[What this task involves] Keeping every word the same, give again only the lines from the one with "Ruby red earrings - Picture 2 of 4" through the end of the data, both included, and leave every picture out.

[Data for the task]
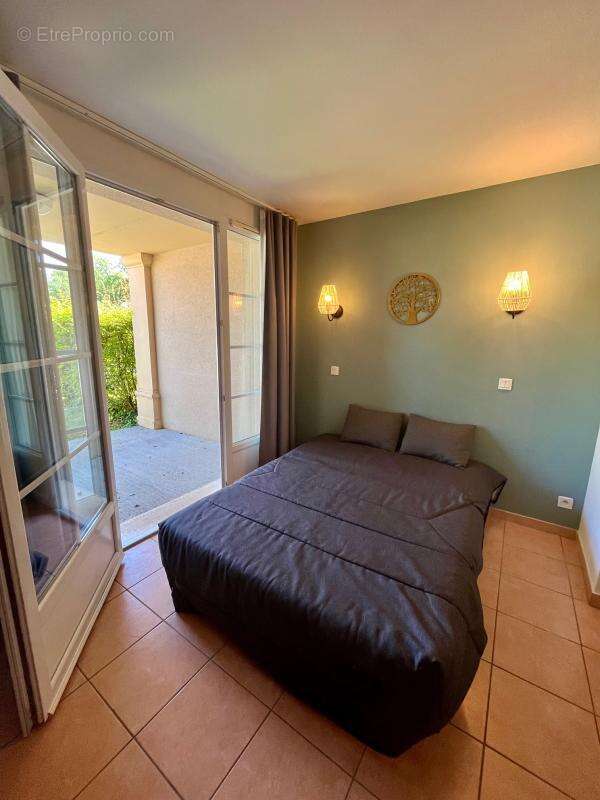 T2 clé en main avec jardin privatif & piscine chauffée - photo 8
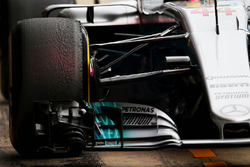 Mercedes AMG F1 W08 front suspension detail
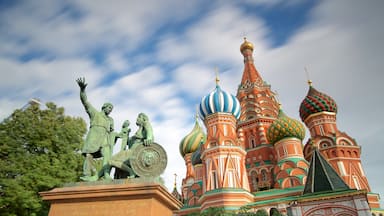 Minin and Pozharsky Monument showing heritage architecture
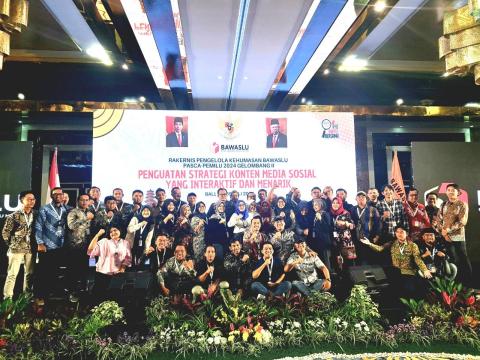 Dokumentasi seluruh staf Provinsi dan Kabupaten /Kota dalam Rapat Kerja Teknis Pengelolaan Kehumasan Bawaslu Pasca Pemilu 2024 Gelombang II 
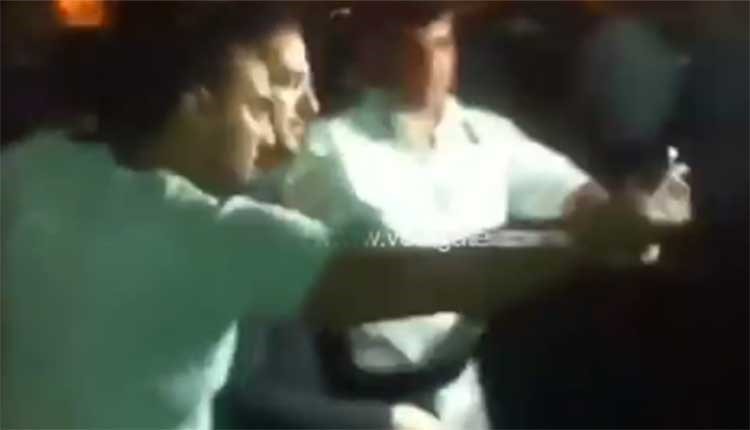 بالفيديو.. احمد حلمي ينفعل في عزاء عمر الشريف بسبب سيلفي: "وسع بقى يا جدع"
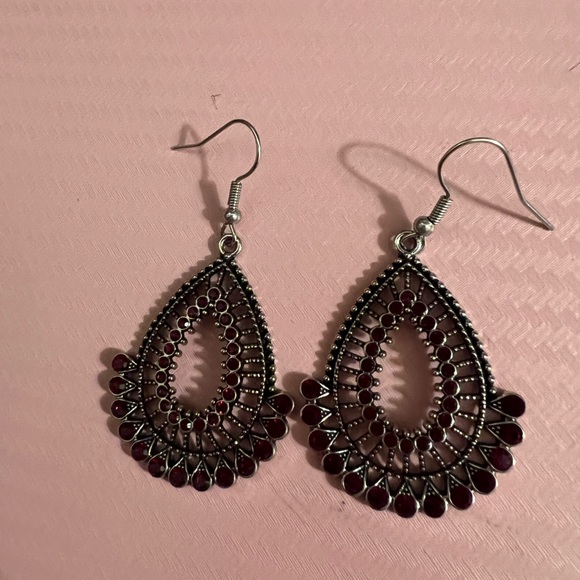 Ruby red earrings - Picture 2 of 4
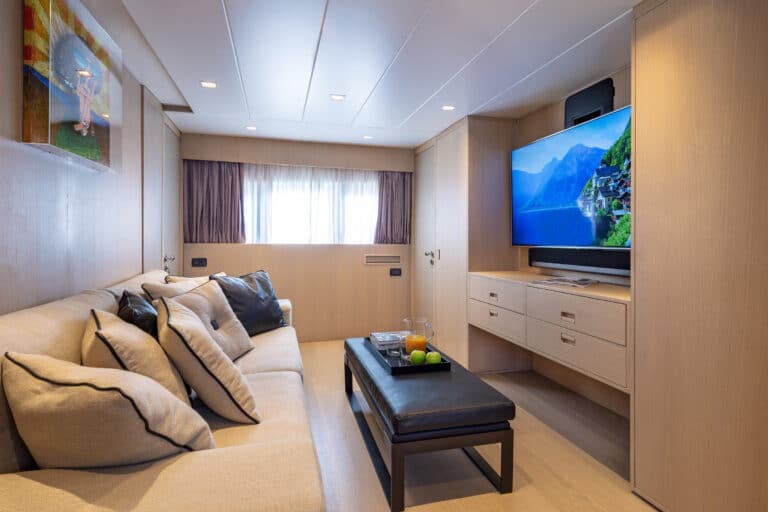 Luxury Motor Yacht SUMMER FUN tv lounge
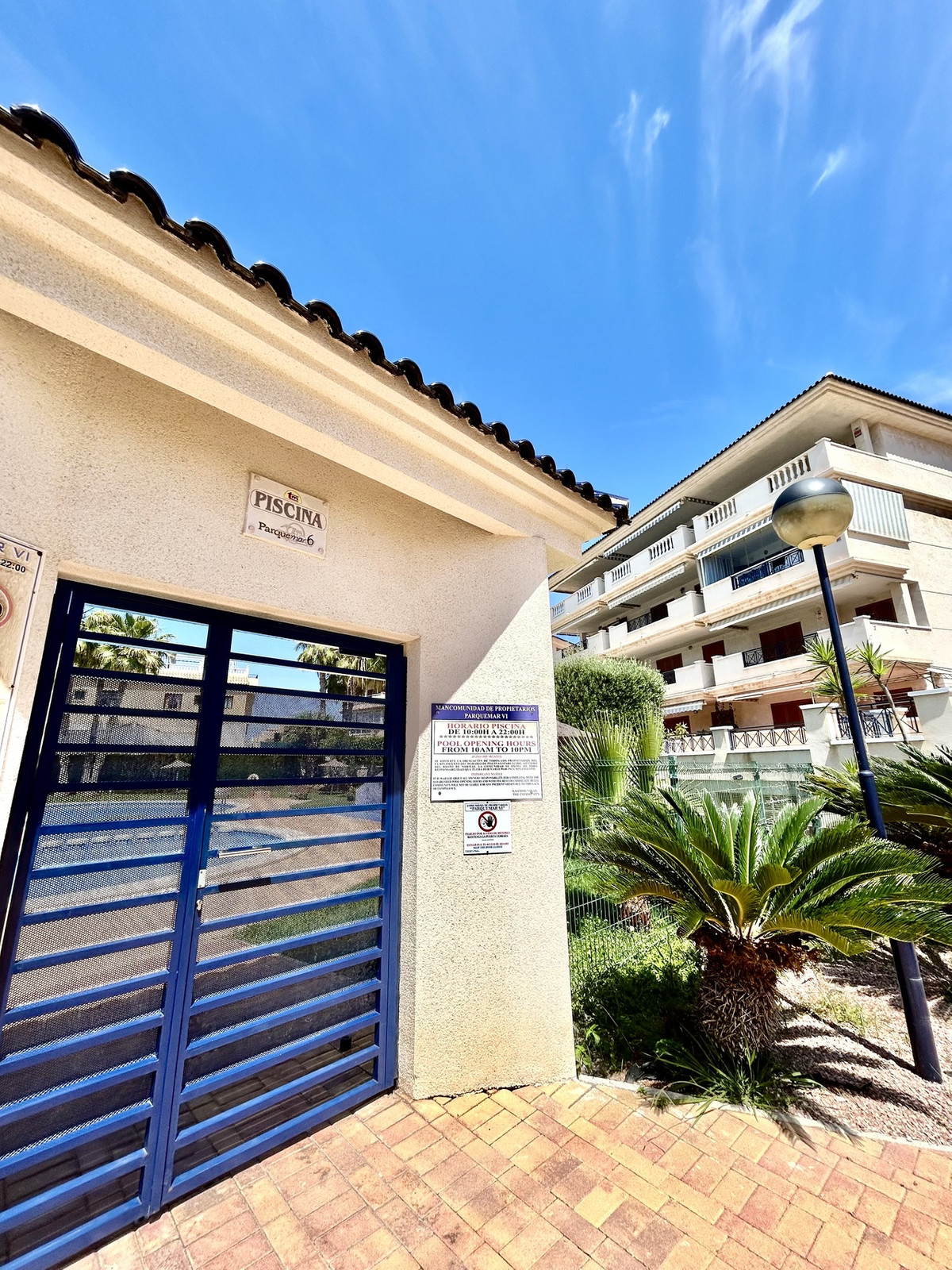 Se vende Apartamento Planta Media de 2 dormitorios en Costa Blanca, Alicante, España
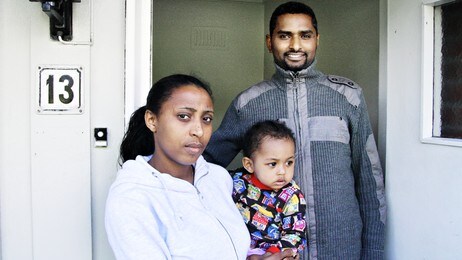 Asylsøker Shumye Tsehay Addis og familien (Foto: Anette Holth Hansen/NRK ) Asylsøker Shumye Tsehay Addis og familien (Foto: Anette Holth Hansen/NRK )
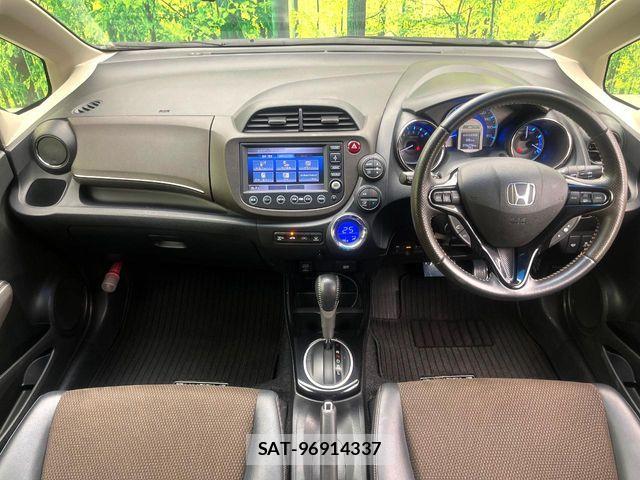 Honda FIT SHUTTLE HYBRID 2011-09 8457489-1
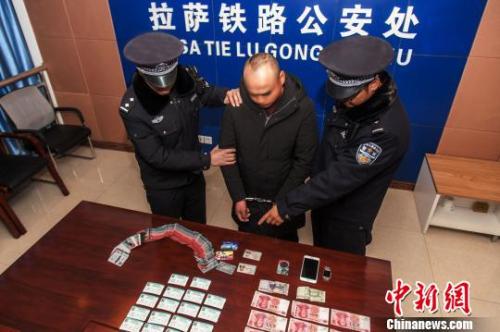 資料圖：一犯罪嫌疑人對拉薩鐵路警方查獲的火車票進(jìn)行指認(rèn)?！『鷤黯?攝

[Result of the task]
 Ruby red earrings - Picture 2 of 4
 Luxury Motor Yacht SUMMER FUN tv lounge
 Se vende Apartamento Planta Media de 2 dormitorios en Costa Blanca, Alicante, España
 Asylsøker Shumye Tsehay Addis og familien (Foto: Anette Holth Hansen/NRK ) Asylsøker Shumye Tsehay Addis og familien (Foto: Anette Holth Hansen/NRK )
 Honda FIT SHUTTLE HYBRID 2011-09 8457489-1
 資料圖：一犯罪嫌疑人對拉薩鐵路警方查獲的火車票進(jìn)行指認(rèn)?！『鷤黯?攝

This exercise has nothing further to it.